Lancée en ce début d’année 2016, la collection Une Heure Lumière des éditions du Bélial avait convaincu grâce à la qualité de ses textes franchement impressionnante. Aux quatre premiers volumes viennent s’ajouter en ce mois d’Août deux nouveaux ouvrages avec Un pont sur la Brume de Kij Johnson et L’homme qui mit fin à l’histoire de Ken Liu. Ce dernier ne sera pas inconnu au lecteur assidu de littératures de genres puisqu’il avait déjà beaucoup fait parler de lui à travers son recueil La Ménagerie de Papier paru chez les même éditions du Bélial.
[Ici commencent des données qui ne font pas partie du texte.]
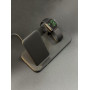 Бездротова зарядка QI док-станція Smart Pro Wireless Charger 2 4в1 для iPhone/Android/Apple Watch/AirPods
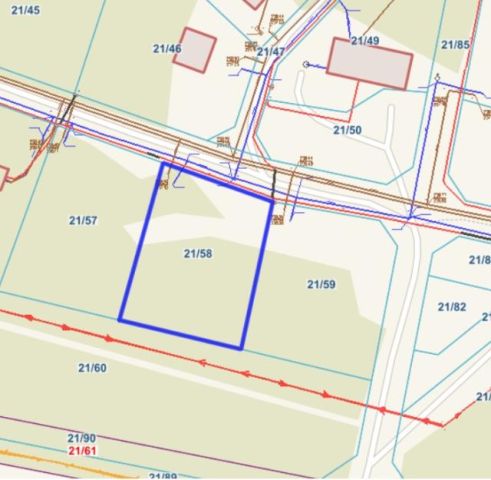 Działka rekreacyjna Brzozowa Gabrielów. Zdjęcie 4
Il était donc logique que l’une des plumes les plus géniales de la science-fiction moderne se retrouve dans la collection Une Heure Lumière, d’autant plus que l’américain a un goût prononcé pour le format court. Finaliste du prix Hugo et du prix Theodore Sturgeon de l’année 2012, L’homme qui mit fin à l’histoire est une novella de 104 pages qui prend le prétexte du voyage temporel pour parler d’un sujet brûlant d’actualité : le négationnisme. Et pour ce faire, Ken Liu plonge l’une des horreurs absolues de l’histoire de l’humanité, l’Unité 731.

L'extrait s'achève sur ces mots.